The poems present images and magical incantations that resonate deeply with the reader apart from their literal meaning. Hear the music…visualize the pictures they project. Yeats considered himself to be one of the last Romantic poets. The element of song is always present in his works. Everywhere the theme of music and singing recurs constantly.
He believed that certain patterns or cycles of civilization existed throughout history, the most important being what he called gyres, interpenetrating cones representing mixtures of opposites of both a personal and historical nature portrayed as rotating gyres forever whirling into one another’s centers, merging, and then separating. Yeats used the term “gyre” in his most famous poem, “The Second Coming.”
“Turning and turning in the widening gyre
The falcon cannot hear the falconer”
He contended that gyres were initiated by the divine impregnation of a mortal woman, first, the rape of Leda by Zeus, then later, the immaculate conception of Mary.

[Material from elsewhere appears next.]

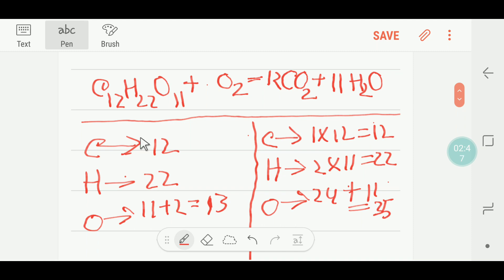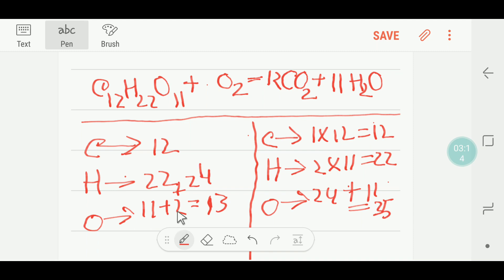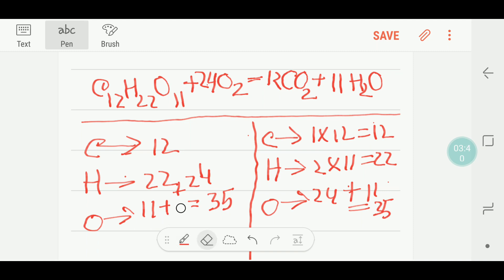To balance the number of oxygen on the left-hand side, I have 11, so I will change here. I need a number that will make 35. If I put 22 instead of the original coefficient, I will get 35. So this 22 will come before the oxygen. I have to delete the old value and write 22 here, so oxygen is balanced.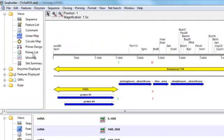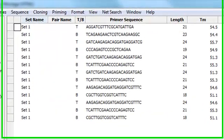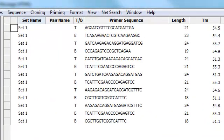And if I go to the Primer List view, I can see the 13 imported primers listed here as well.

Yeats found that within each 2000 year era, certain symbolic moments of balance occurred at the midpoints of the 1000 year cycle designating moments of high achievement in the culture. Yeats cited as examples the glory of Athens at 500 B.C., Byzantium at 500 A.D., and the Italian Renaissance at 1500 A.D.
Certain patterns of history recur that are entirely indifferent to human suffering. History, like art, teaches us that only through identification with the impersonal can we transcend human suffering and limitations. A symbol of this transcendence for Yeats was the Byzantine Civilization. Byzantium became for Yeats the purest embodiment of the union and subsequent transfiguration through art of the fleshly condition and the ideal of holiness. (Byzantium is the name given to both the state and the culture of the Eastern Roman Empire in the middle ages. Istanbul is now the name of what was formally called Constantinople, the empire’s capital city).
He was a symbolist poet, using allusive imagery and symbolic structures throughout his career. He chose words that, in addition to a particular meaning, they suggested abstract thoughts that may seem more significant and resonant. His use of symbols is usually something physical that is both itself and a suggestion of other possibly immaterial and timeless qualities.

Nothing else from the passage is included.